Details You Didn't Know About Martin Luther King, Jr.

Dr. Martin Luther King, Jr. is remembered for his dream of a world of racial, social, and economic equality and for his doctrine of nonviolent civil disobedience as a means to achieve that equality. His legacy is honored every year on the third Monday in January, which falls around his birthday on the 15th. But it was a long, tireless struggle for advocates of King's memory before it finally became a holiday. Although a bill to create the holiday was brought before Congress just four days after his death, that dream wasn't achieved for another 32 years.

And did you know that the only other American whose birthday is honored as a national holiday is George Washington? That's probably not the only thing you didn't know about Martin Luther King, Jr. While the salient details of King's life, such as his iconic "I have a dream" speech, are now canonical in the country's popular history, there's much more to the man than you probably know.

For example, his name at birth wasn't Martin, but Michael King, Jr. According to, his father, Michael, a Baptist pastor, changed his own name after he made a trip to Germany and was moved by the story of the leader of the Protestant Reformation, Martin Luther. He changed his son's name to Martin as well when the child was just five years old.

With MLK day just around the corner, let's take a look at the other aspects of King's life that have gone under the radar since his death.

Martin Luther King Jr. was a genius

The Atlanta Business Chronicle called King a genius for his "togetherness, optimism, and persistence," but he wasn't just wise beyond his years; he was an actual genius who was such an exceptional student that he almost skipped high school entirely. According to Biography, he didn't even bother with grades nine or 11, and enrolled in Atlanta's Morehouse College at just 15 years old. He was the kind of student who is so beyond the level of his other classmates that he was bored, drifting, unmotivated, through his first two years there. Although as a younger man he had not wanted to follow in his father's clerical footsteps, a Bible class in his junior year caused a revival of faith in him, and by his final year at the college, he was ready to tell his dad that he also wanted to go into the ministry.

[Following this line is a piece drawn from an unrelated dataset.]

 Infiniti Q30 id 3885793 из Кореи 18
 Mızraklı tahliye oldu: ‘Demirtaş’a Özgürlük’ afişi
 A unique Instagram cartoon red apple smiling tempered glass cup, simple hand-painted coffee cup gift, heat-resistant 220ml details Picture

He graduated with a sociology degree in 1948 and went on to study at the Crozer Theological Seminary in Pennsylvania, where he graduated valedictorian in 1951. He had his Ph.D. from Boston University by the time he was just 25 years old. One of his biggest influences during his formative years was his relationship with Morehouse College President Benjamin E. Mays, an ardent proponent of racial and social justice. Through Mays, King learned how Christianity, under the tenets it professes, could be an instrument for creating the changes he wanted to see in the world.

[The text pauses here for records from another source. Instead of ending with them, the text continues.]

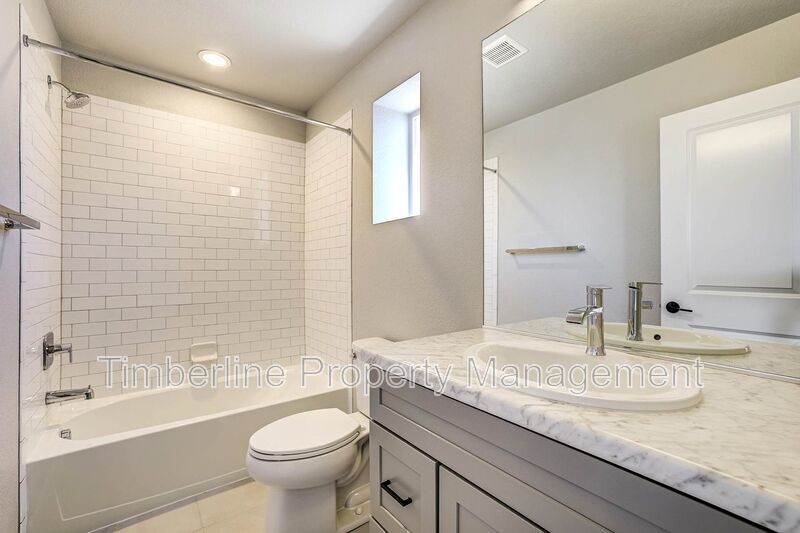 3 bedrooms 3.5 bathroom home, closet to Peterson AFB property image
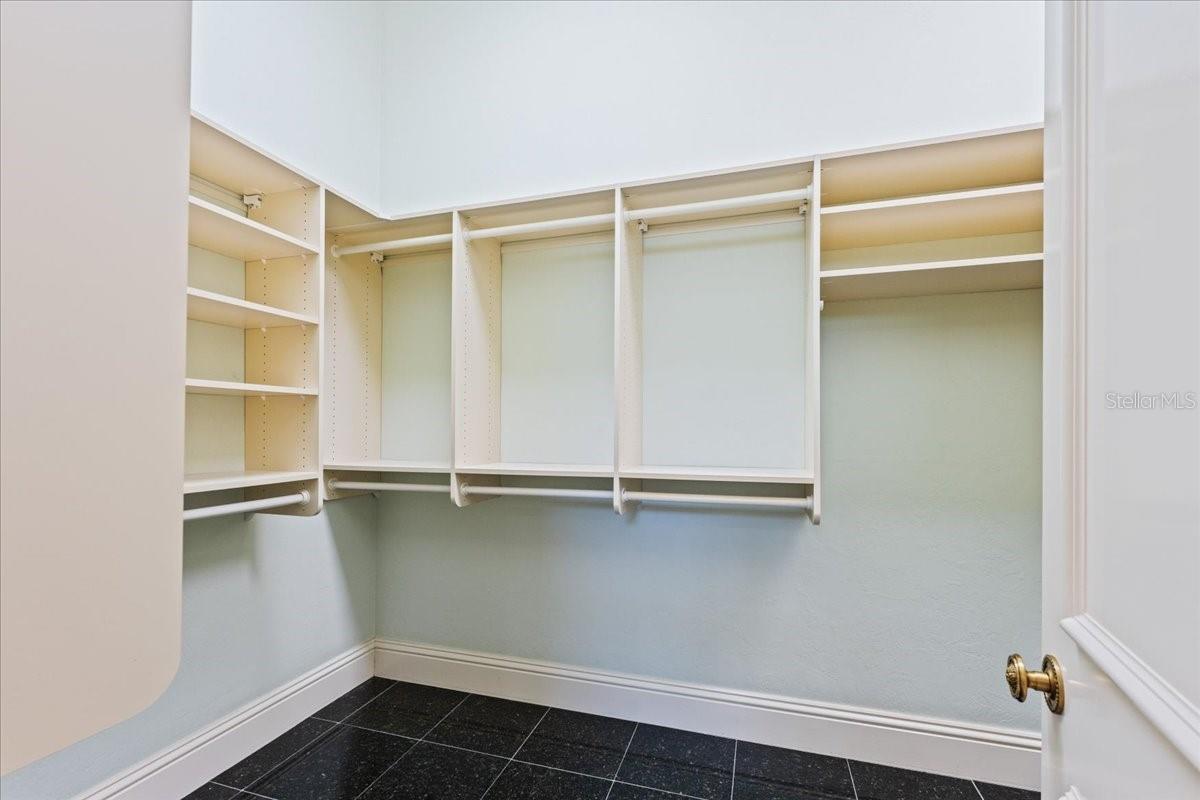 BELLA WOODS IN UNIT 32 - Residential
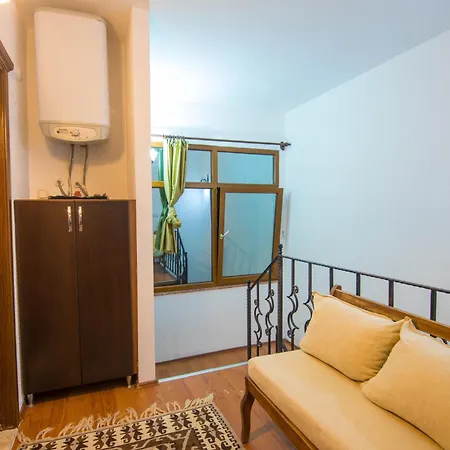 Damla Sogut Daily Weekly Villa *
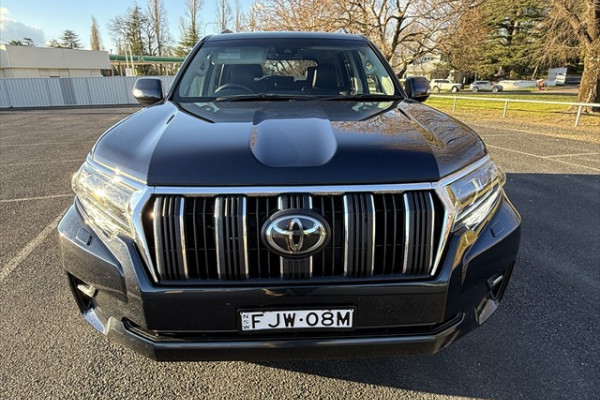 2023 Toyota LandCruiser Prado GDJ150R GXL SUV Image 8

Martin Luther King Jr. was an ardent opponent of the Vietnam War

King's sense of the justice inherent in Christianity made him speak out against injustice in U.S. foreign policy, as well as racial inequality. In a speech given at Riverside Church in New York City in April 1967 — the full text has been posted online by Stanford University's Martin Luther King Jr. Research and Education Center – King called the United States "the greatest purveyor of violence in the world today." He saw the Vietnam War as "an enemy of the poor," as the country's poor were the ones dying in disproportionately high numbers compared to those of other social classes. He said that while some may have been surprised at him, a civil rights leader, taking up the anti-war charge, his stance on the war clearly came within the scope of his morality as a Christian.

King viewed the war as "but a symptom of a far deeper malady within the American spirit" and said that "if we ignore this sobering reality, we will find ourselves organizing 'clergy and laymen concerned' committees for the next generation." In 2019, Time magazine called this statement "prophecy [that] connects the war in Vietnam with our forever wars today, spread across multiple countries and continents, waged without end."

Unfortunately, with racial justice still drawing people to the streets today and decades-long wars in Afghanistan, Yemen, Iraq, and elsewhere, it appears that we must continue King's work well into the 21st century.